Companies, regardless of where their registered office is located (in France or outside France), which, either directly or through intermediary companies or organisations, own property (or French assets consisting predominantly of property) in France as on 1 January each year, are liable for an annual tax of 3% [1] calculated on the market value of these properties, without any deduction being allowed for any loan taken out in connection with the purchase of the property.
Various exemptions have existed to date, but the 3% tax regime is set to undergo a major overhaul, as Parliament voted on 7 April, by a very large majority, to introduce a two-fold amendment to this tax within the broader framework of the law against social security and tax fraud, following a Senate amendment adopted on 12 November 2025. It is therefore highly likely that this bill will be definitively adopted [2] in the coming days.
On the one hand, the obligation to disclose information (the identities of partners holding more than 1% of the capital and the valuation of the property) in response to a request from the tax authorities has been abolished. From now on, the company must submit an annual declaration by 15 May at the latest, via online filing [3], form no. 2746-SD. This reporting requirement makes the 3% tax exemption conditional upon the information provided being consistent – a requirement that must be verified annually – and upon the information being fully and accurately completed.
Furthermore, foreign companies that do not have a permanent establishment in France must appoint a tax representative in France on form 2746-SD and pay the relevant fees [4].
The authorities considered that the company’s submission of annual declaration No. 2072 in France exempted it from completing form 2746-SD or from undertaking to provide information (a requirement that has recently been abolished) [5]. There is every reason to believe that this rule will continue to apply, since declaration No. 2072 contains the required information.
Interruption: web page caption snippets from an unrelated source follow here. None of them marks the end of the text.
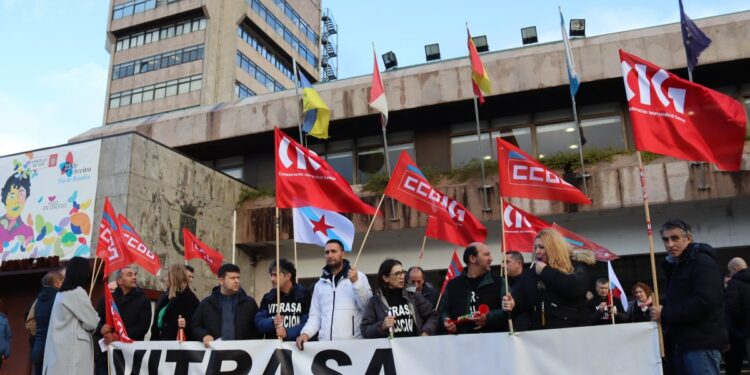 Reuniones sin avances de los trabajadores de Vitrasa con el Concello y la empresa
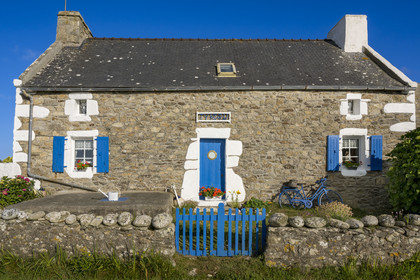 France, Finistère (29), Mer d'Iroise, Ile d'Ouessant, maison traditionnelle en pierre à kerandraon sur la cote Sud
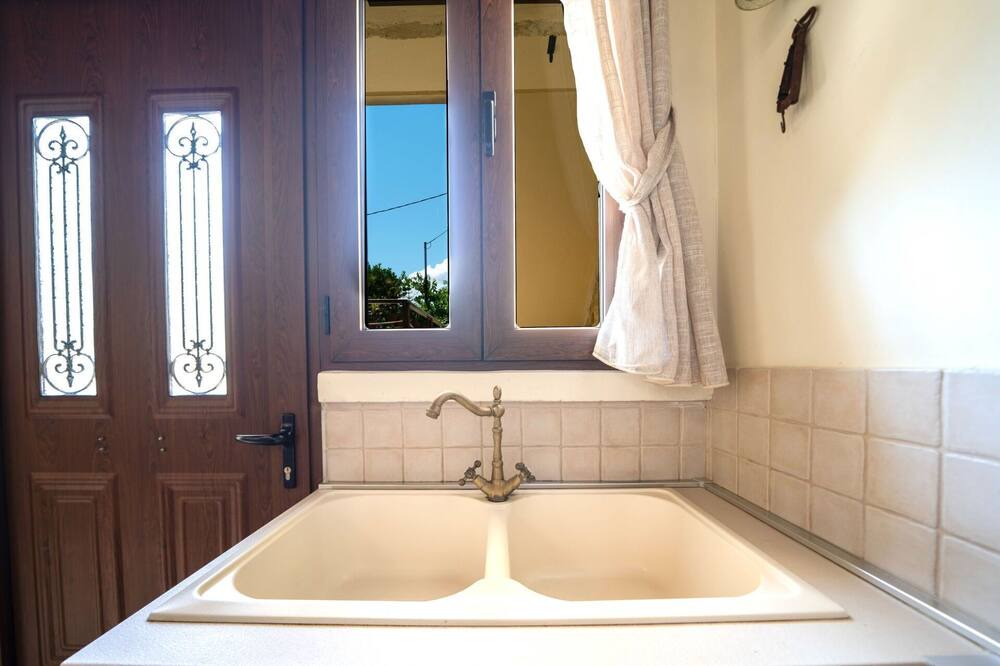 Photo of Bathroom in Panormos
In all other cases, online filing will therefore become mandatory and, as a reminder, the authorities take a very strict approach when assessing the information provided. They may challenge this information and deem it insufficient to grant the exemption. This is the situation that the Grasse Judicial Court had to rule on on 19 December 2025 [6]. A Danish company, which owned a villa in Cannes, diligently submitted its Form 2746 every year. The tax authorities requested further information, which they deemed unsatisfactory. Consequently, they refused the 3% tax exemption and issued a proposed adjustment for an amount of €409,536. The company challenged this adjustment before the Court, which ruled in its favour. However, this was solely on the basis of a procedural error: the registered letter containing the proposed adjustment had been sent not to the Danish company, but to its partners residing in Switzerland. The Court therefore did not rule on the merits of the case, that is to say, on the question of whether the responses provided were sufficient to qualify for the exemption.
It should therefore be noted that the submission of Form 2746 does not guarantee entitlement to the 3% tax exemption. The Court also points out that such submission is merely ‘likely’ to result in the exemption. In practice, it is essential to check the consistency and completeness of the information declared each year, in order to ensure that the exemption is upheld in the event of an audit.
In fact, incorrect or incomplete declarations are no longer eligible for the rectification period following a ministerial response dated 13 December 2023 [7]. Whereas the Court of Cassation ruled in a landmark judgment of 31 January 2006 (Bull. IV, No. 20) that the leniency measure provided for in the Ministerial Reply of 13 March 2000 is intended solely to regularise the situation of taxpayers who failed to submit Form No. 2746 due to a good-faith misunderstanding of the reporting obligation set out in subparagraphs (d) and (e) of paragraph 3 of Article 990 E of the General Tax Code. This leniency may be applied only once.
It may come as a surprise, but failing to file a return is therefore sometimes more advantageous than filing an incorrect one. This results in a paradoxical situation where companies whose good faith is not in question but which have submitted incomplete or incorrect returns must pay the 3% tax, whilst companies that have never filed a return can regularise their position once, free of tax.
This is a little-known tax that should not be overlooked, as the tax authorities all too often take an overly strict approach to reporting errors, demanding payment of the 3% tax on the entire value of a taxpayer’s property portfolio as soon as an omission, or inaccuracy is detected in the submitted declarations, leaving the taxpayer exposed to a degree of subjectivity regarding the concept of inaccuracy.
Given the significant amount involved (3% per annum of the property’s gross value), it is essential for companies that own one or more properties in France to have a tax audit carried out and to ensure that form no. 2746-SD is submitted correctly by 15 May each year.
*Me Philippe Laurens is a member of the Luxembourg and Montpellier Bar; Nexus Conseils and Nexus Luxembourg
[1] Section 990 D of the General Tax Code.
[2] In order to be definitively adopted, the bill must now go before the Joint Committee and then the Constitutional Council.
[3] This requires prior registration with the French authorities in order to obtain a SIREN number.
[4] New Article 990 F of the General Tax Code.
[5] BOI-PAT-TPC, no. 370.
[6] Grasse Regional Court, 19 December 2025, Case No. 25/00176.
[7] Ministerial reply of 13 December 2022, Ms Alexandra Masson.